Though Kawakami’s humorous Nakano Thrift Shop draws much attention from readers and reviewers alike, Strange Weather’s combination of longing and independence has a power all its own. The magic of its contradictions—friendly neighborhood and concrete jungle, comfortable love and incalculable loss—lingers on.
Hiromi Kawakami, Strange Weather in Tokyo, trans. Allison Markin Powell (Counterpoint Press, 2013)
Photo credit: Janko Ferlic, “Turned-on Street Light,” via Pexels.
An interesting review and interesting project. I have a question that’s an obvious one, but still–since so much gets lost and added in translations from one language to another, not just in books but even in conversation according to some linguists, what are fair judgments to make in deciding if a translation is good or not? The review of Strange Weather in Tokyo says Powell’s is an elegant translation, but I don’t guess that means the original was necessarily as elegant?

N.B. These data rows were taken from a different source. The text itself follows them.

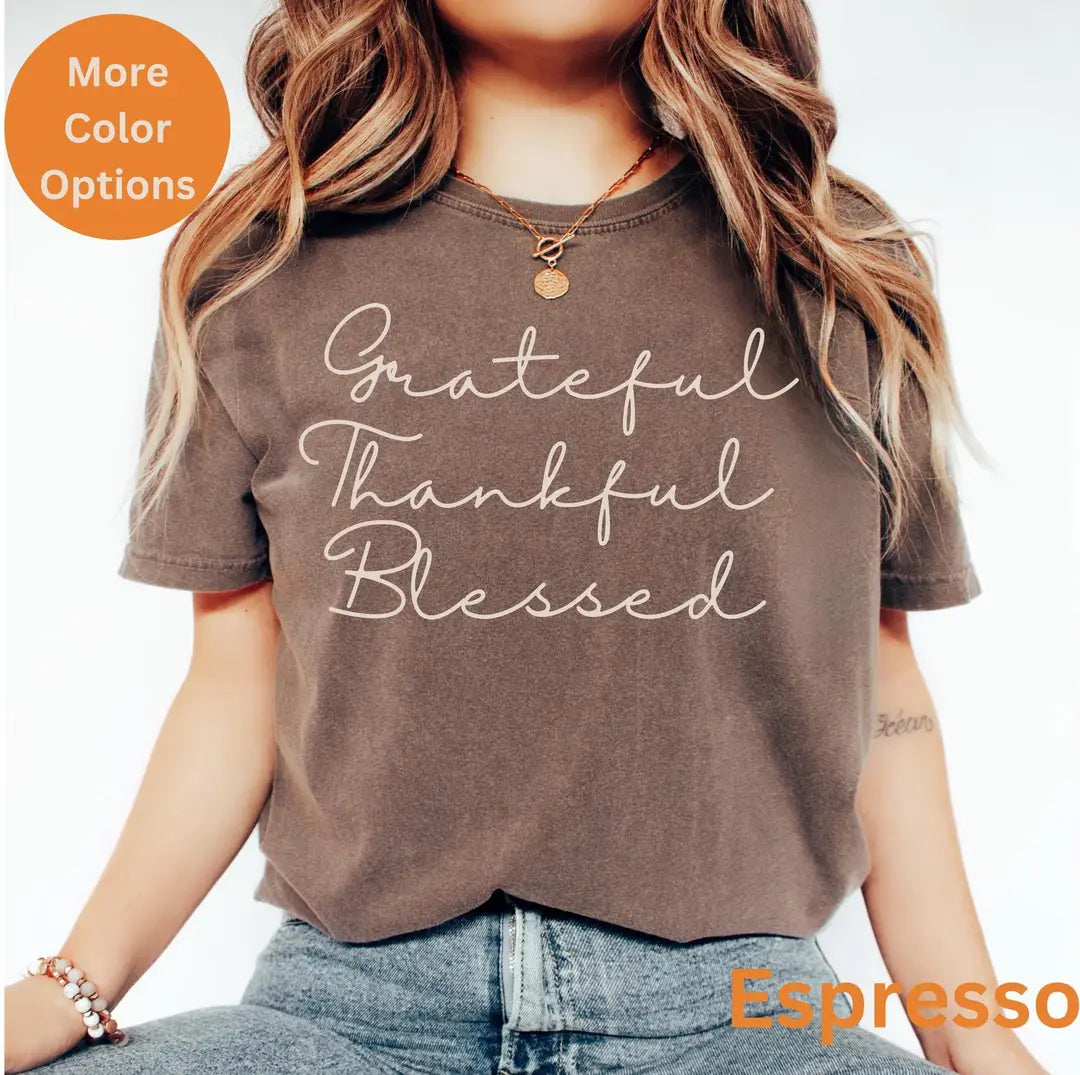 Moss Crewneck sweatshirt with printed Thankful ® design, alternate product view.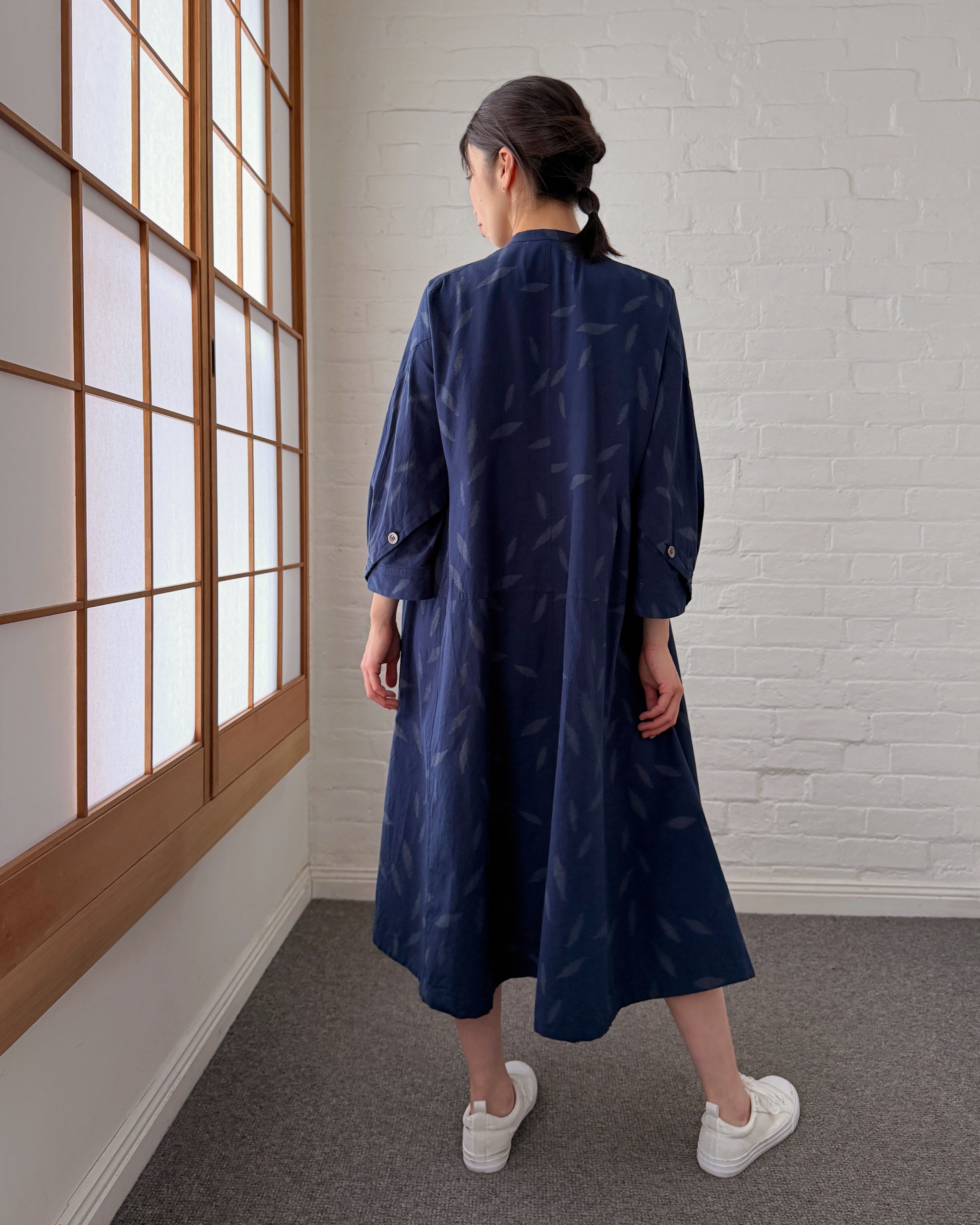 Kasuri : leaves long sleeve dress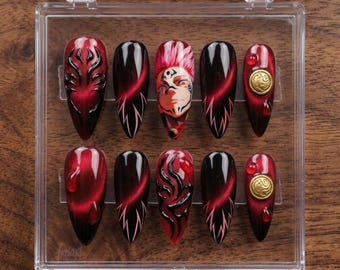 Anime JJK Press On Nails Long Stiletto | Red Cat Eye Sukuna 3D Dark Fantasy Custom Fake Nails Hand Painted Manga Cosplay Gothic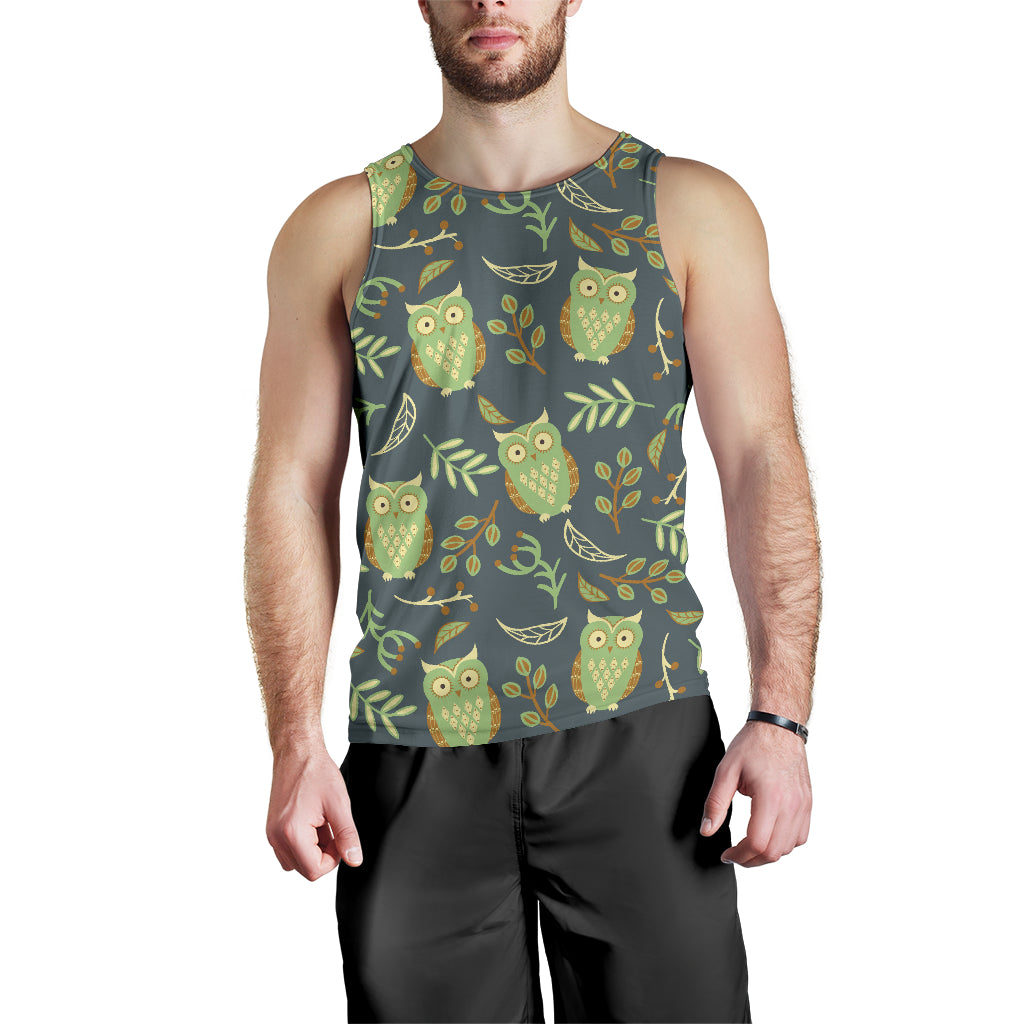 Cute owls leaves pattern Men Tank Top
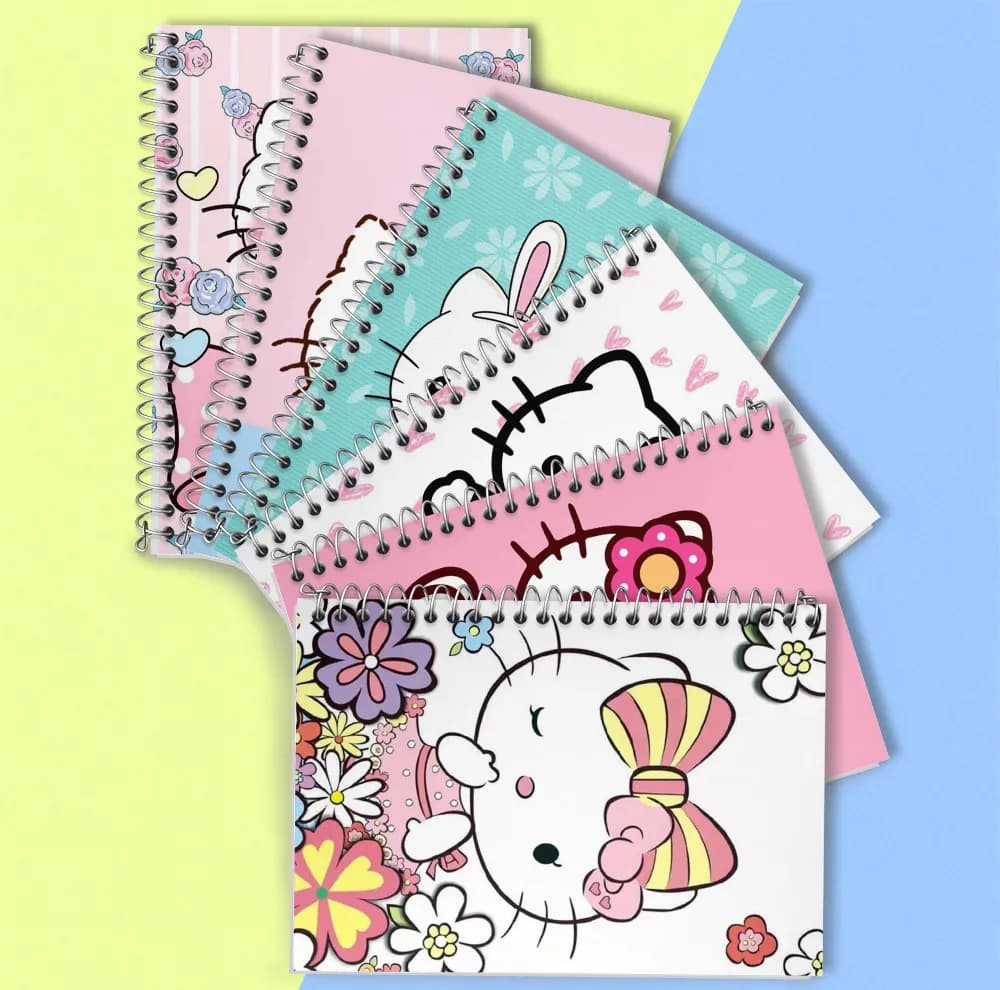 دفتر زبان 50 برگ خندالو مدل دو خط طرح هلو کیتی (Hello Kitty) کد 284 مجموعه 6 عددی — تصویر ۲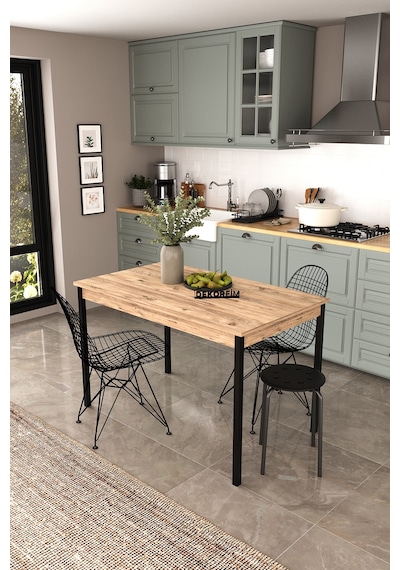 Df01113 Dekoratif Mutfak Masası 120x70 4-6 Kişilik Şık, Modern, Metal Ayaklı Salon Yemek Masası Atlantik Çam Df01113 Dekoratif Mutfak Masası 120x70 4-6 Kişilik Şık, Modern, Metal Ayaklı Salon Yemek Masası Atlantik Çam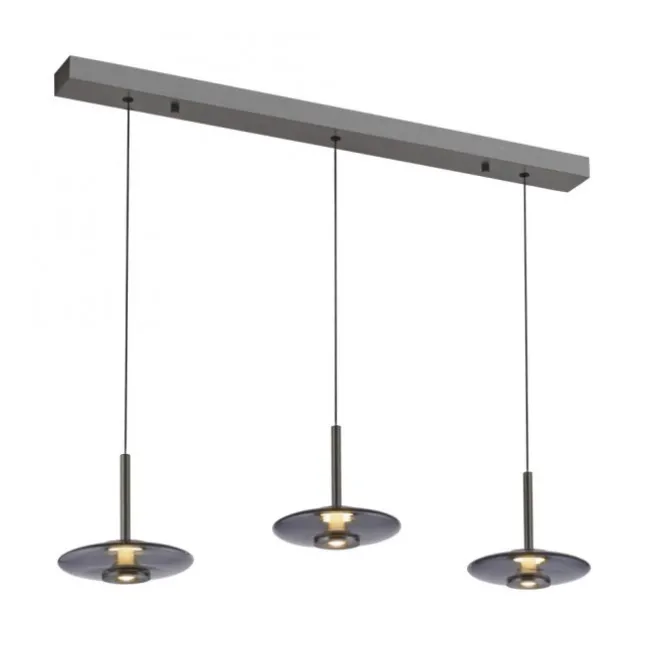 Paul Neuhaus Pendelleuchte PURE Vitrum 3 flammig platin (grau) Comfort Lift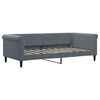 vidaXL Dnevna postelja brez vzmetnice temno siva 90x190 cm žamet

Thank you for commenting with such a thoughtful point! It brings to mind an interview I read with Deborah Smith (a popular translator of Korean novels whose work I’ll review on here shortly). Smith insists that the true test of a translator is not how well she knows the original language of the text, but her expertise in the language into which the novel is being translated. I think this observation illustrates our vulnerability as readers when we encounter a text in translation. In many ways, I’m not really reviewing Kawakami’s work, but Allison Markin Powell’s interpretation of Kawakami’s work. So as I read a translation, I’m thinking about potential pitfalls I’ve seen before: Are there run-on sentences overflowing with adjectives? Are there strange metaphors/similes/other examples of figurative language that fall flat in English? In my opinion, this novel shows none of these common weaknesses of translation. While Kawakami’s original is my blind spot as a reader, I feel confident praising this edition. But your comment does open up intriguing avenues of inquiry into the act of translation itself, and what is lost or gained in the linguistic shift. I appreciate that.